Electric car motorists are able to travel a mile on a penny’s worth of ‘fuel’ for the first time since the 1970s.
That’s according to EDF Energy, which has launched an EV-specific electricity tariff. It claims its GoElectric 35 rate is the lowest in Britain, with an off-peak charging rate of 4.5p per kwh – equivalent to 1.3p per mile for a typical EV.
This, the company says, means it is possible for British drivers to travel for a penny a mile for the first time since 1972. Back then, petrol cost 35p per gallon and the Ford Cortina was the country’s most popular car.

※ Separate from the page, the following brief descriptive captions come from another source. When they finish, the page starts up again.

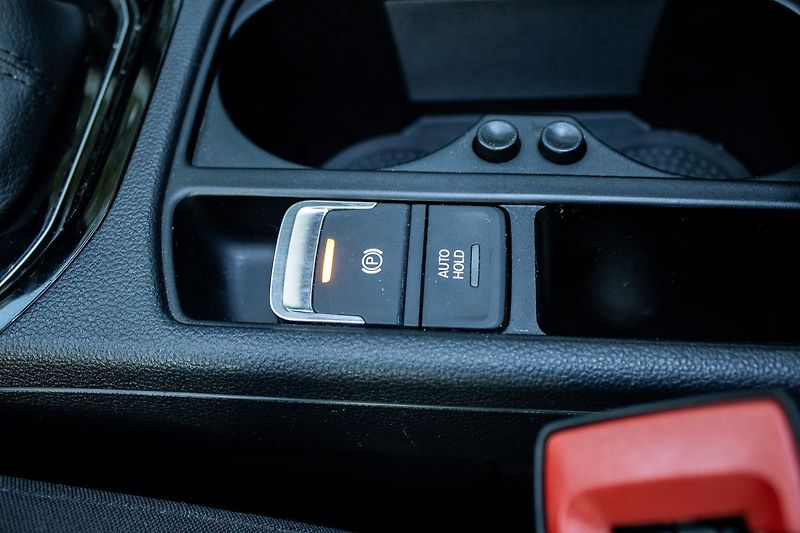 Volkswagen Touran 2.0 TDI, 110kW - fotka 35 z 45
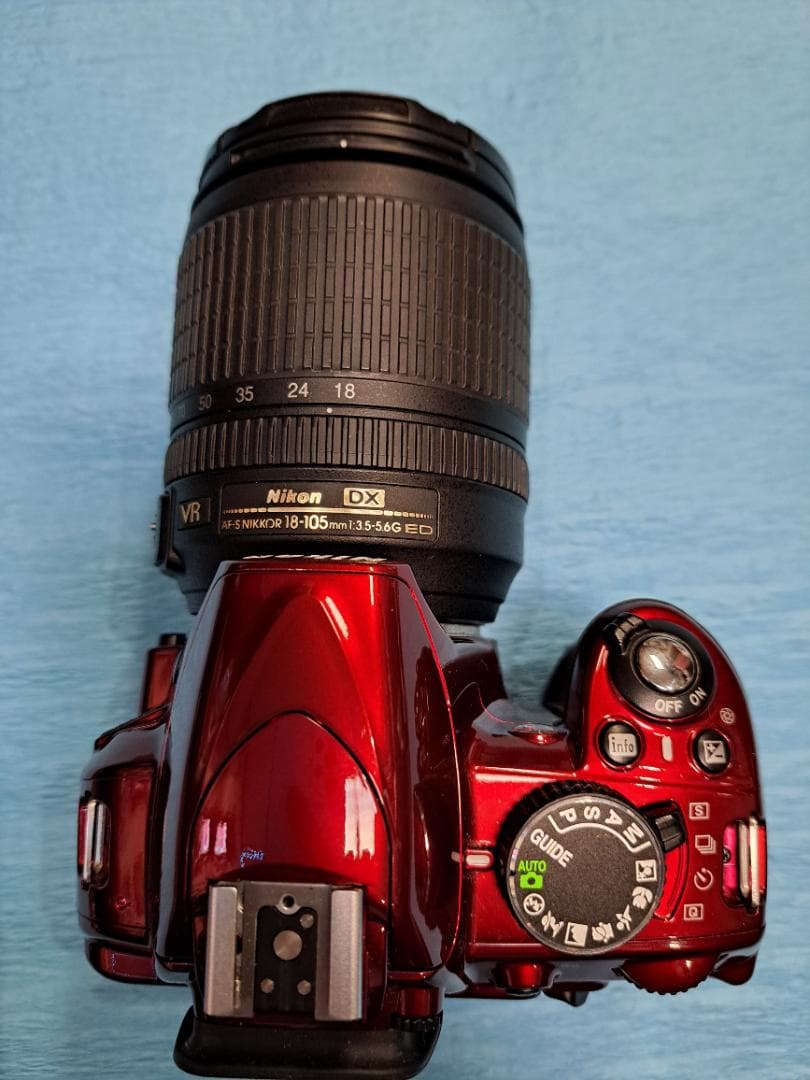 新春特別特価　Nikon D3100【大人気のメタリックRED】 ズームレンズ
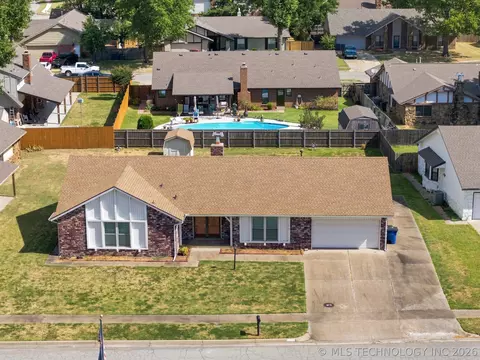 View/Area - 10009 E 40th St, Tulsa, OK 74146 photo 2 of 7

According to EDF, the average motorist estimates it would cost 34p to travel a mile in an EV. And 38 percent of the 2,000 people surveyed weren’t aware it’s cheaper to fully charge an electric car than to fill a petrol or diesel vehicle with fuel.
Cheaper travel by EV
EDF added that, on average, respondents said the average price of recharging stands at £25.80 – £20 more than the true cost using its EV-specific rate.
“As Britain’s biggest generator of zero carbon electricity, we’re committed to making it as easy as possible for motorists to make the switch to an EV,” said Philippe Commaret of EDF.
“Our GoElectric 35 tariff offers the cheapest off-peak rate in Britain, providing drivers with the cheapest travel costs seen in decades at just a penny a mile.”